BEGIN Input data

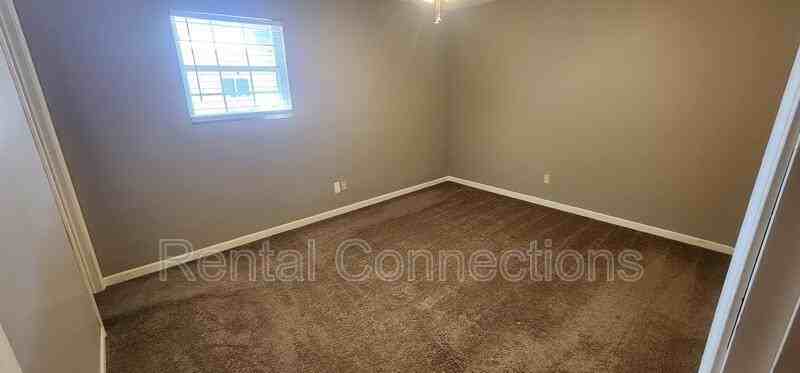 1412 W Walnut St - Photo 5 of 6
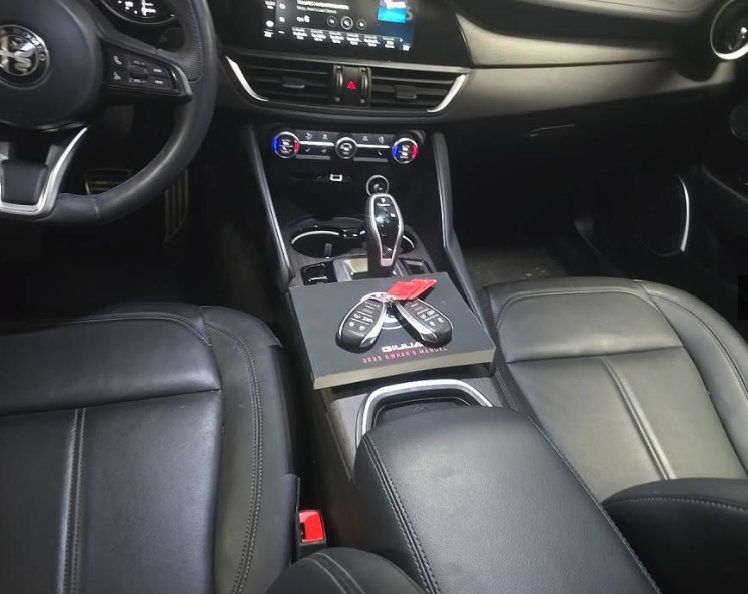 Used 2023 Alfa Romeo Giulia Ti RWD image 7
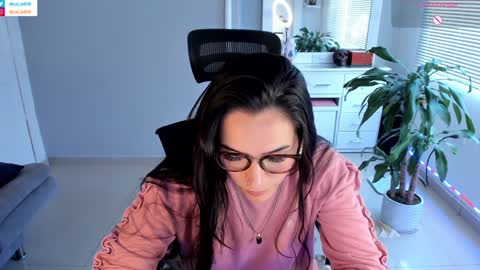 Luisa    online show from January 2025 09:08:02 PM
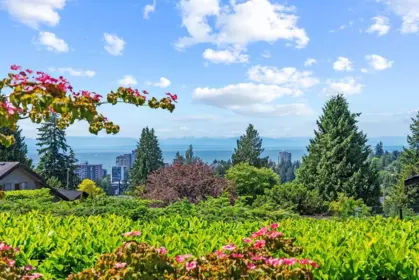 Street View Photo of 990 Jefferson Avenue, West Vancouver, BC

END Input data

- Exercise requirements
When you write out the material again, keep every word exact and omit the pictures.

- Reply
 1412 W Walnut St - Photo 5 of 6
 Used 2023 Alfa Romeo Giulia Ti RWD image 7
 Luisa    online show from January 2025 09:08:02 PM
 Street View Photo of 990 Jefferson Avenue, West Vancouver, BC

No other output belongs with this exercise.